- _Materials provided_:
· · · · · · ·
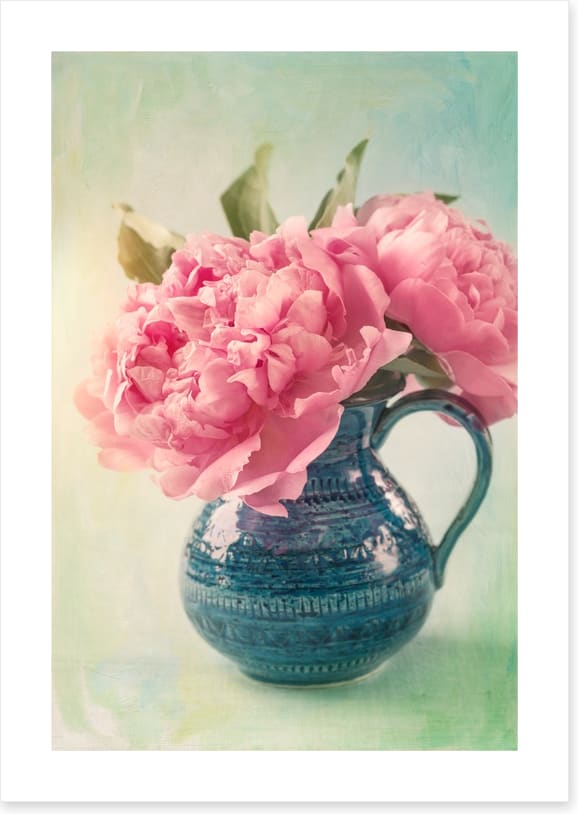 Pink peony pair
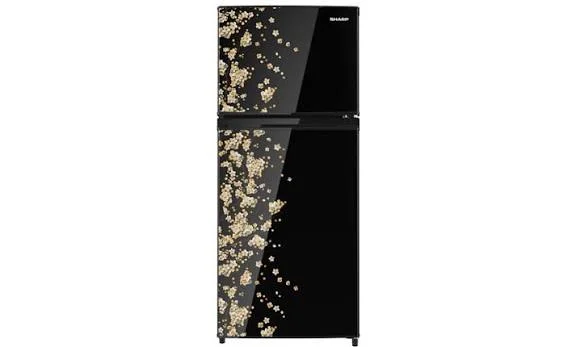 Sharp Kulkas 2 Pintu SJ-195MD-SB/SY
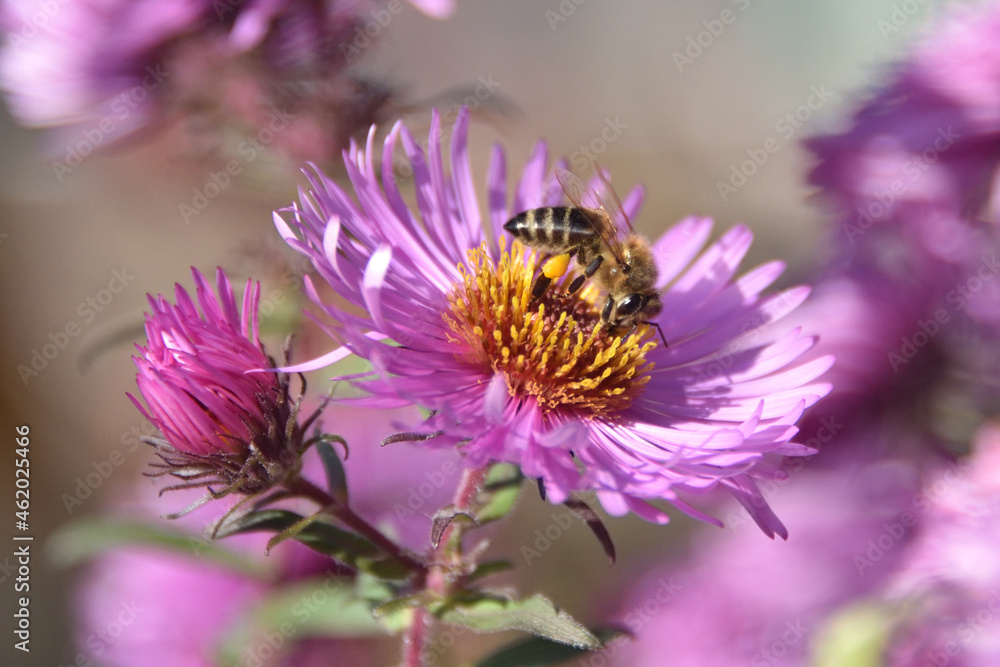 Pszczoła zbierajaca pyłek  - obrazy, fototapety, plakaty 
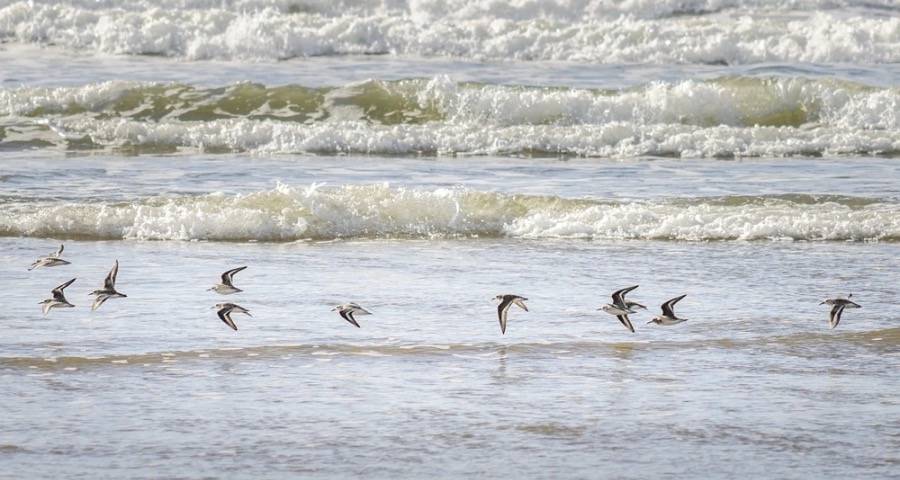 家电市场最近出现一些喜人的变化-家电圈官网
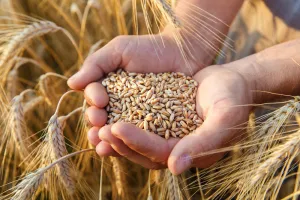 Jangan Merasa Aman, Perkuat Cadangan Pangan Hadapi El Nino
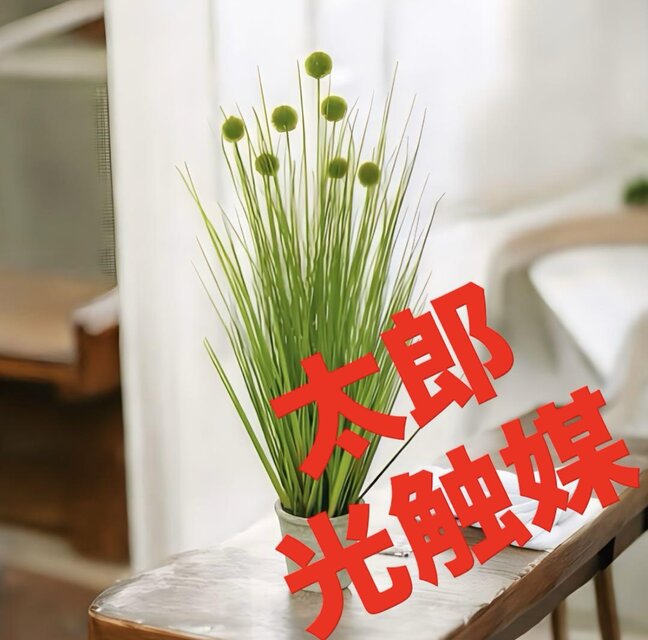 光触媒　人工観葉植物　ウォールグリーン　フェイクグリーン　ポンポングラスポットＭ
· · · · · · ·
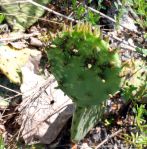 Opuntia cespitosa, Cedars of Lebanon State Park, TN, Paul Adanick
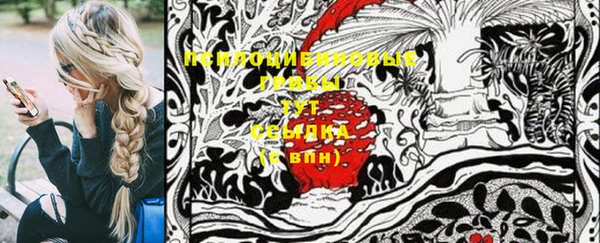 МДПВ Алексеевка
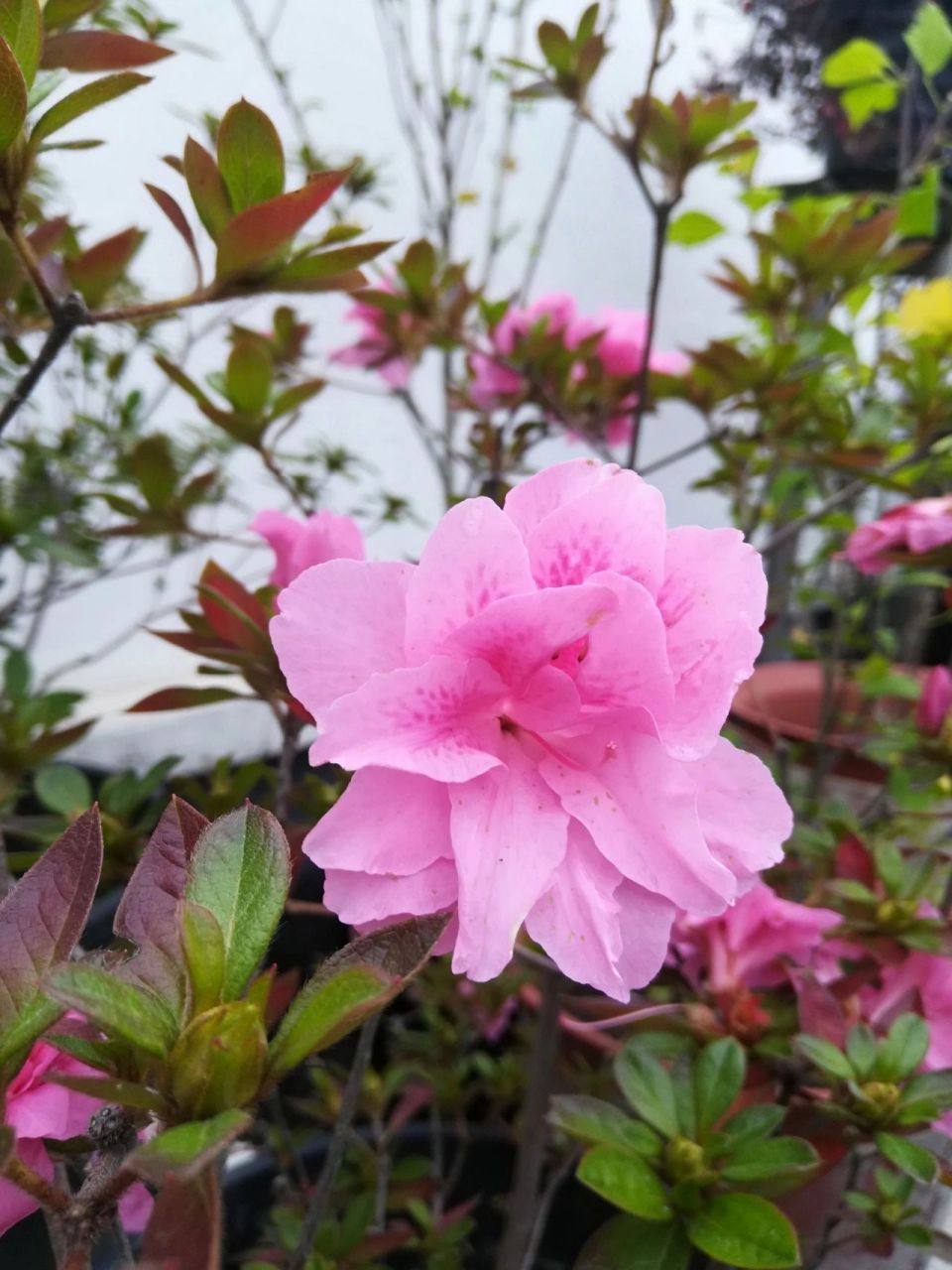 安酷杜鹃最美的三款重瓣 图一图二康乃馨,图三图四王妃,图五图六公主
· · · · · · ·
- _Exercise goal_: Output exactly the stretch of the listing that begins at the line containing "家电市场最近出现一些喜人的变化-家电圈官网" and ends at the line containing "光触媒　人工観葉植物　ウォー", both kept. Omit pictures and everything else.

- _Task answer_:
 家电市场最近出现一些喜人的变化-家电圈官网
 Jangan Merasa Aman, Perkuat Cadangan Pangan Hadapi El Nino
 光触媒　人工観葉植物　ウォールグリーン　フェイクグリーン　ポンポングラスポットＭ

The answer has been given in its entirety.